Photo by Dlanor S on Unsplash

An analysis of Kaggle’s public data

Alexandra Deis
Feb 15 · 5 min read

I have recently joined Kaggle and started to create public kernels. My kernels have a lot of views, but no upvotes. Fortunately, there is Meta Kaggle dataset, which contains various data on competitions, users, submissions, and kernels. We can use this dataset to find out:

  • Statistics for the number of kernels, which have votes;
  • How different factors affect the number of votes (for example, characteristics of the author, source dataset etc.)?
  • And finally, make the recommendations on how to make the kernel useful so other Kaggle users would cast upvotes.

In this article, I will just share my findings, the full code for the analysis you can find on GitHub or in Kaggle kernel.


Explore statistics for the number of kernels

Plot 1. Kernel statistics pie chart

If we just count the total number of kernels and compare it to the number of ones which have upvotes, we can see that writing a popular kernel is not an easy task.

There are more than 220 thousand kernels on Kaggle in total, only 20% of them were upvoted by Kaggle users, and only 4% are awarded, which means has more than 5 upvotes (see Plot 1).

How does the number of views and number of comments affect the number of votes?

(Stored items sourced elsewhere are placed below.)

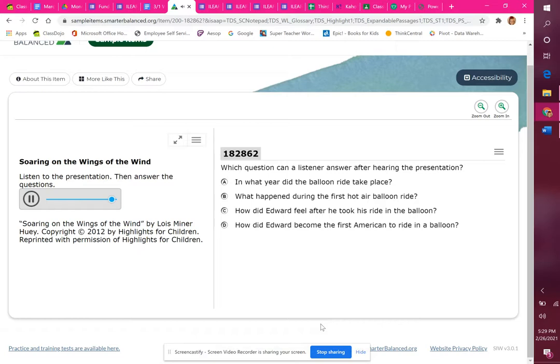By flying on the wings of the wind, Edward Warren Jr. had played a big part in the history of flight.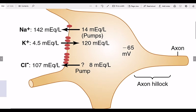Chloride is going inside and will make the cell more negative, disturbing the RMP. We also have weak chloride pumps that take chloride back out. This is how we maintain the RMP.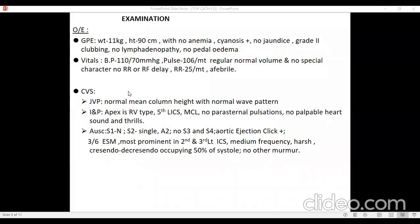On cardiovascular examination: JVP is normal height with normal wave pattern. Apex is an RV apex in the 5th left intercostal space in the mid-clavicular line, no parasternal pulsation, no palpable heart sounds. On auscultation: first heart sound normal, second heart sound single — possibly A2, no S3, no S4, an aortic ejection click present. There is a grade 6/6 ejection systolic murmur most prominent in the 2nd and 3rd left intercostal space, harsh, crescendo-decrescendo, occupying 50% of systole.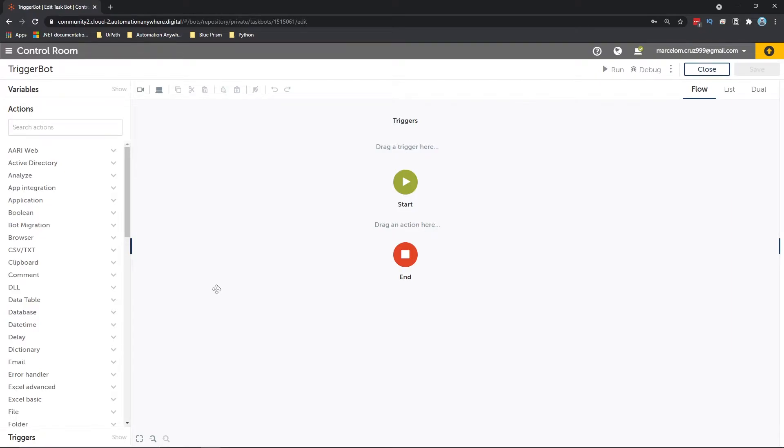Hi, my name is Marcelo, and in this video we will learn how to trigger a task bot from Automation Anywhere with hotkey events.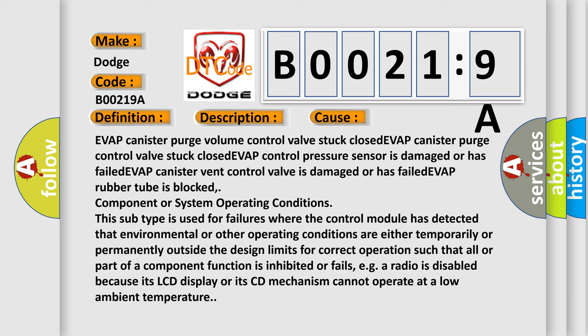Component or system operating conditions: This subtype is used for failures where the control module has detected that environmental or other operating conditions are either temporarily or permanently outside the design limits for correct operation such that all or part of a component function is inhibited or fails. For example, a radio is disabled because its LCD display or its CD mechanism cannot operate at a low ambient temperature.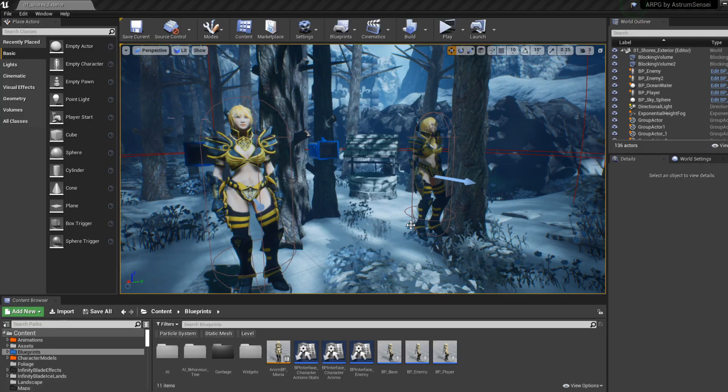What is going on guys, this is your boy Astrom Sensei and welcome back to Let's Create an Action Role-Playing Game using Unreal Engine 4. In today's video we are going to be working on the lock-on system.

My idea is that the more people view or discuss the kernel, the more votes it gets. To prove this assumption let’s first look at the correlation between the number of votes and the number of views and comments:

Plot 2. Correlation between the number of votes and the number of views and comments

We really see that these numbers are highly correlated. We can also plot the number of votes versus the number of views and comments and add to the plot the linear line, which shows the dependency between them:

Plot 3. The number of votes per number of views
Plot 4. The number of votes per number of comments

Looking at the plots it really seems that my idea was right. To gain upvotes from the users, the kernel needs to be shared with others, seen and discussed.

How does the status of the author affect the number of votes per kernel?

Plot 5. The average number of votes depending on user performance tier

Kaggle has its own progression system, there are performance tiers depending on the proficiency and the contribution of the users.

Indeed, we can see on the plot 5 that kernels created by more proficient authors gain more votes on average.

How does dataset related to kernel affects the number of votes?

Plot 6. The average number of kernel votes per number of dataset downloads

Kernels on Kaggle use as data sources datasets released on Kaggle. Datasets on Kaggle also gain votes from users. Let’s try to find out how the popularity of a dataset affects the number of votes for the related kernels?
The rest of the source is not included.